Looking over a recently revised manufactured home installation manual, (DAPIA approved in Feb. 2018), I ran across something that I thought was worth a closer look.
In the section of the manual that talks about footings, I found a chart titled “Foundation Embedment Factors for Cohesive Soils” (there is also a chart for Non-Cohesive Soils).
In case you are wondering, cohesive soils are described as clay, or soil with a high clay content, which has cohesive strength. Cohesive soil does not crumble, can be excavated with vertical sides, and is like plastic when wet. Cohesive soil is hard to break up when dry and sticks together when submerged. Cohesive soils include clayey silt, sandy clay, silty clay, clay.
On the other hand, non-cohesive soils are loose soils like sand, or sandy soils.
Ultimately, by using these charts and directions, you can increase the maximum load per footing based on the depth that the footing is embedded in the soil.
Let’s try to work through the process. This manufacturer tells me that a 14’ wide home, in the south (20 psf) roof load zone, with piers spaced 8’ apart, has a pier load of 5640 pounds (per pier).
Since I like to auger round footings, the chart for circular shape footings says that I need a 28” round footing at a soil bearing capacity of 1,500 PSF. But my auger is only 24” diameter! Well, this is where the “Foundation Embedment Factors for Cohesive Soils” chart might come in handy!
Since I can only dig 24″ round footings, I need to start there. The chart for circular footings tells me that a 24” round footing can carry 4710 pounds (again 1,500 Soil bearing capacity). I know my 24” round footing will be 36” deep (for example, to get below the frost line) in a clay (cohesive) soil, so I can multiply the 24” footing capacity by the 1.56 as indicated in the cohesive soils chart and my 24” footing works! (4710 pounds x 1.56=7347 pounds, well beyond the 5640 pound load needed to support the home).
It is not as confusing as it seems.
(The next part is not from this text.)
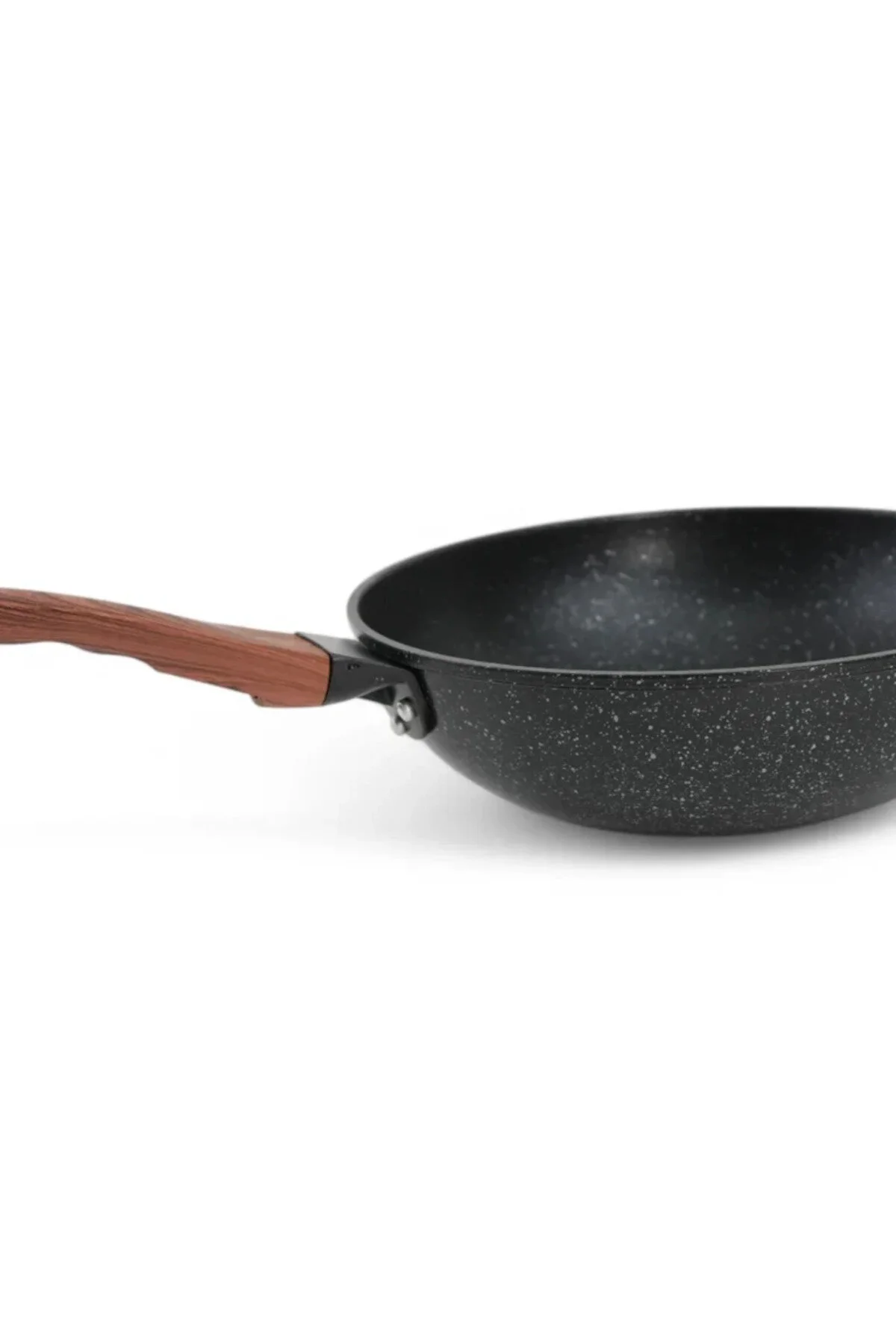 Tigaie antiaderentă tip granit de 30 cm cu mâner cu imitație de lemn – Durabilă, elegantă și ușor de curățat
You just need to know if your soil is cohesive (clay) or non-cohesive and know the footing size and depth. Use the chart to determine the embedment factor and multiply the footing capacity by the factor from the chart.
A few important things to consider before you start reducing footing sizes. Currently, this is specific to only a few manufacturers. You need to check with the Quality Control Manager at your factories to see if they allow you to utilize embedment factors. One manufacturer told me that they provide these designs only upon request.
Next, you need to have a very thorough understanding of the soil at the job site. You need to have all of your documents in order and make certain that the building code official (and possibly the purchaser) understand how you are calculating these footings sizes/loads. As always, keep good records for your installation files, including copies of these charts.
While I am not an engineer, I do think that the embedment factor is to be applied only to poured in place concrete footings. But you can verify that with the factory.
Finally, on the one manual I reviewed, there is a big typographical error, labeling the chart for non-cohesive soils, so be cautious. Stay in touch with Quality Control folks and watch for further changes to the manuals.